We continue to be threatened by extremism and criminality originating from
ungoverned or irresponsibly-governed territory. Further, serious destabilization or
political collapse of a number of vulnerable states could result in a loss of responsible
control over weapons of mass destruction, trigger contagious extremism, place the
continued distribution of critical resources at risk, or spark combustible social upheaval
that would undermine the security and governance of entire regions. The most
dangerous of these circumstances will demand American-led responses; preferably
before they reach crisis proportions. Some will present immediate, obvious security
challenges to the United States. Others will challenge the United States more subtly in
the near-term, but will grow in severity over time. Each remaining unchecked will
increasingly defy all but the most extraordinary efforts to bring them under control.
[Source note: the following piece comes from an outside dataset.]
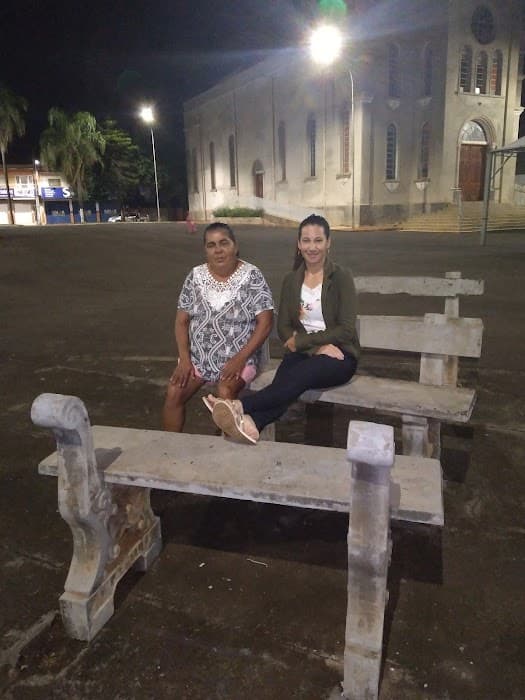 Praça Getúlio Vargas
The costs associated with these small wars and interventions transcend
straightforward accounting. Their human, physical, fiscal, political, psychological, and
even moral demands challenge what is proving to be a very vulnerable grand strategic
center of gravity for the United States—the population and its willingness to accept the
high price of great power. Indeed, political elites and opinion leaders must either inure
the body politic to the costs associated with exercising great power or face the
consequences of diminished U.S. influence.
Diminished influence leaves no guarantee of physical security and engenders great
strategic costs. For example, the most virulent of our irregular challengers oppose both
our physical, as well as our political, commercial, and cultural influence. Further,
American primacy underwrites the sanctity of responsible sovereignty and the integrity
of the global economy. Thus, a decline in U.S. influence is certain to see an increase in
strategically significant intra- and interstate conflict; the irresponsible exercise of
political authority; and serious challenges to economic well-being, growth, trade, and
access to critical resources worldwide.
Iraq, Afghanistan, and the broader War on Terror are illustrative of our strategic
future. Irregular conflicts were the business of past empires and now the burden of the
world’s only superpower. However, physical and psychological under-preparedness
for their costs increasingly places long-term interests in jeopardy. As costs mount,
policy elites are not only challenged to articulate the need for continued near-term
sacrifice, but also the certainty that our global position will be equally burdensome well
into the future. Today, the prospect of a slow voluntary retreat from dominant influence
that might accompany popular underpreparedness and exhaustion challenges
American primacy more than does any opponent’s deliberate cost imposing strategy.
The structural and material prerequisites of continued great power are secure. The will
to employ them is substantially more vulnerable.